Typically 1.5–3× faster than native PyTorch for inference on CPU
Supports CUDA, TensorRT, OpenVINO execution providers for GPU/edge acceleration
Export: torch.onnx.export(model, dummy_input, "model.onnx", opset_version=17)
Validate outputs match original model numerically before deploying ORT version

TensorRT

NVIDIA's inference optimizer. Takes a trained model and produces a highly optimized engine for a specific GPU architecture using layer fusion, kernel auto-tuning, and precision reduction.

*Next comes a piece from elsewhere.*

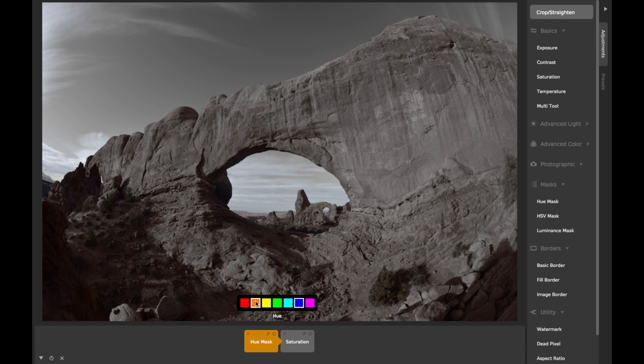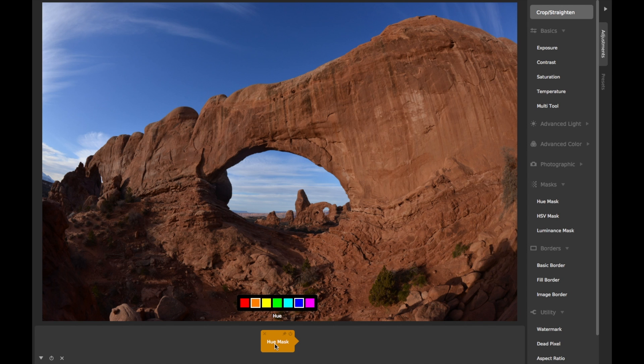For finer control over hue masking, consider using the curve-based HSV Mask.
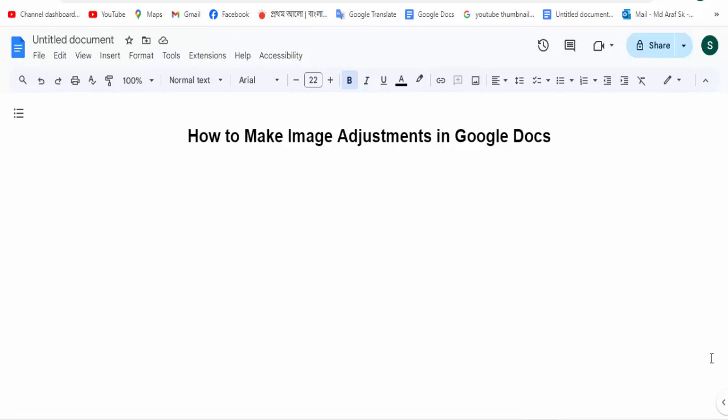Hello everyone, assalamualaikum. How are you all? I hope you are well. Welcome back to my channel. In today's video, we'll learn how to make image adjustments in Google Docs. Let's get started. First, open your doc file.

Typical speedup: 2–5× vs native PyTorch on NVIDIA GPUs
FP16: near-zero accuracy loss; 2× memory reduction; supported on all modern NVIDIA GPUs
INT8: with calibration dataset; further speedup; ~1–2% accuracy drop for most models
TensorRT engine is not portable — must rebuild for each target GPU architecture

Horizontal vs Vertical Scaling

Two fundamentally different approaches to handling increased inference load. The right choice depends on your workload characteristics.

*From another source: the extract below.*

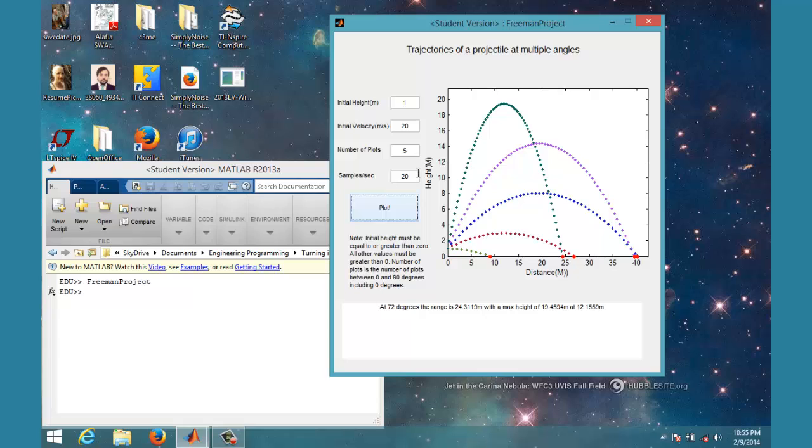If I make my initial height 0, you'll see that the complementary angles all land in the right spot—the same spot like they're supposed to.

Horizontal (add replicas): add more pods/nodes; each handles a fraction of traffic; best for high-concurrency, stateless serving
Vertical (larger GPU): upgrade to a GPU with more memory/compute; better for models that max out a single GPU's batch capacity
Most production systems use horizontal scaling as the primary lever and vertical for the base unit size decision
Horizontal scaling requires stateless serving — no in-memory state between requests

Serving Optimisation Techniques

Technique	Latency Improvement	Complexity	When to Use
Dynamic request batching	2–8× throughput improvement; slight P99 latency increase	Low — configure in serving framework	Any GPU serving with multiple concurrent requests; especially transformer models
ONNX Runtime	1.5–3× speedup on CPU; moderate GPU gains	Low-Medium — export + validate outputs	CPU inference; cross-framework portability; batch processing workloads
TensorRT FP16	2–4× speedup; 2× memory reduction	Medium — build engine per GPU arch	NVIDIA GPU serving; latency-critical applications; A100/V100/T4 deployments
INT8 quantization	3–5× speedup; 4× memory reduction	High — requires calibration dataset; validate accuracy	Edge deployment; cost-sensitive cloud serving; models tolerant to slight accuracy loss
Model compilation (torch.compile)	1.5–2× on modern PyTorch; no framework change	Low — one-line addition; warm-up required	PyTorch 2.0+ models; significant gain for transformer architectures
Continuous batching (for LLMs)	3–10× throughput for generative models	High — requires specialized LLM serving infra	LLM text generation; vLLM, TGI, or Triton with TensorRT-LLM backend
Horizontal pod scaling	Linear throughput scaling with replicas	Low — Kubernetes HPA + stateless design	High-concurrency serving; cost-effective throughput scaling; standard default approach

Latency vs Throughput Trade-off

Every serving optimization involves choosing between latency and throughput. Dynamic batching increases throughput by accumulating requests — but the wait time in the queue adds to individual request latency. TensorRT FP16 reduces both latency and memory, making it almost always a win. INT8 further reduces memory and compute but may require careful calibration. Always profile P50, P95, and P99 latency under realistic concurrency levels — P99 is what users experience at the worst moment, and it is typically the binding constraint for SLA agreements.